Open Source

Meet SWE-rebench-V2: the largest open, multilingual, executable dataset for training code agents!

The dataset contains 32,000+ executable tasks across 20 languages, derived from real-world GitHub issues.

Deep Dive

Nebius, a cloud and AI infrastructure company, has launched SWE-rebench-V2, a massive open-source dataset specifically engineered for training reinforcement learning (RL) agents in code generation and software engineering tasks. This release marks a significant scale-up from previous benchmarks, moving beyond Python-centric datasets to include 20 programming languages and over 32,000 executable tasks, each based on a real-world GitHub issue and packaged with a ready-to-run Docker environment. The dataset is positioned to address a critical bottleneck in AI research: the lack of large, high-quality, and executable environments needed to train sophisticated code agents that can interact with real systems.

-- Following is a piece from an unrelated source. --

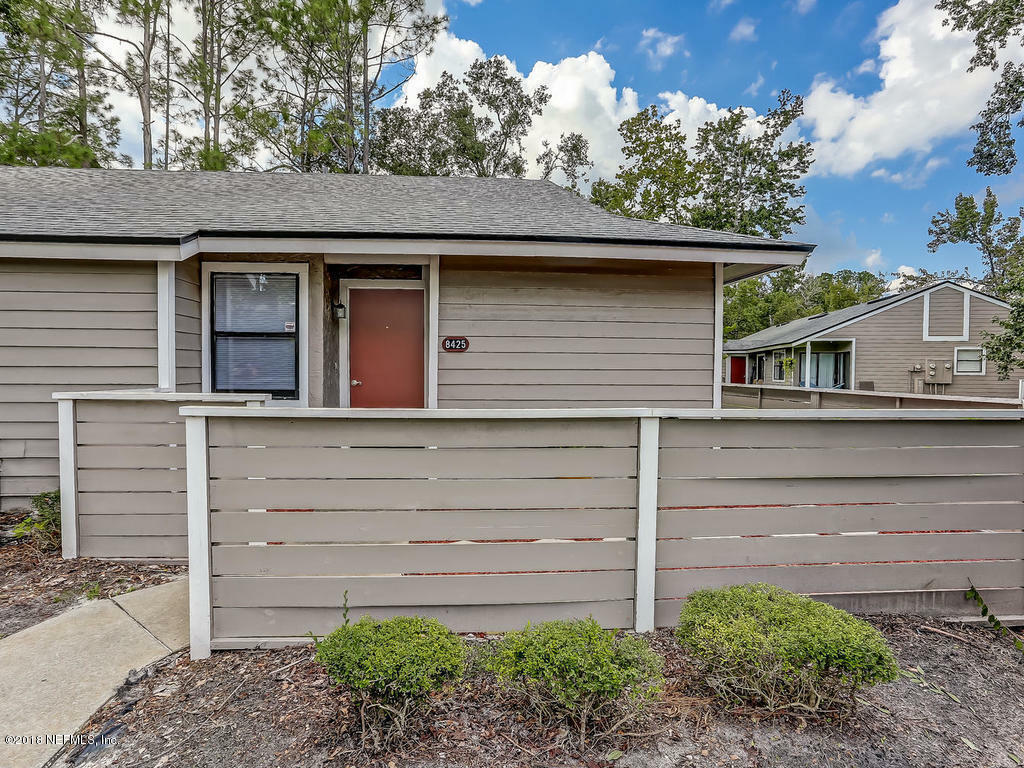 Property Photo:  8425 Long Meadow Circle N  FL 32244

Technically, the dataset was created using an automated pipeline that extracts RL environments at scale, with quality ensured by an LLM ensemble for filtering and labeling. It includes 120,000+ additional tasks derived from real pull requests, all enriched with metadata and tested interfaces to guarantee solvability. The release is accompanied by a detailed technical report. For the developer community, this provides a standardized, multilingual playground to train and benchmark models like GPT-4, Claude 3.5, and open-source alternatives, accelerating progress toward more capable and generalist AI coding assistants. Nebius also confirmed ongoing development of its associated SWE-rebench leaderboard, inviting collaboration via Discord.

Key Points
  • Contains 32,000+ executable tasks, each with a pre-built Docker environment based on real GitHub issues.
  • Supports 20 programming languages, expanding beyond Python to include less common ones like Lua and Clojure.
  • Includes 120,000+ extra tasks from pull requests, filtered and labeled for quality using an LLM ensemble.

Why It Matters

Provides the large-scale, executable training data needed to build the next generation of AI coding assistants and agents.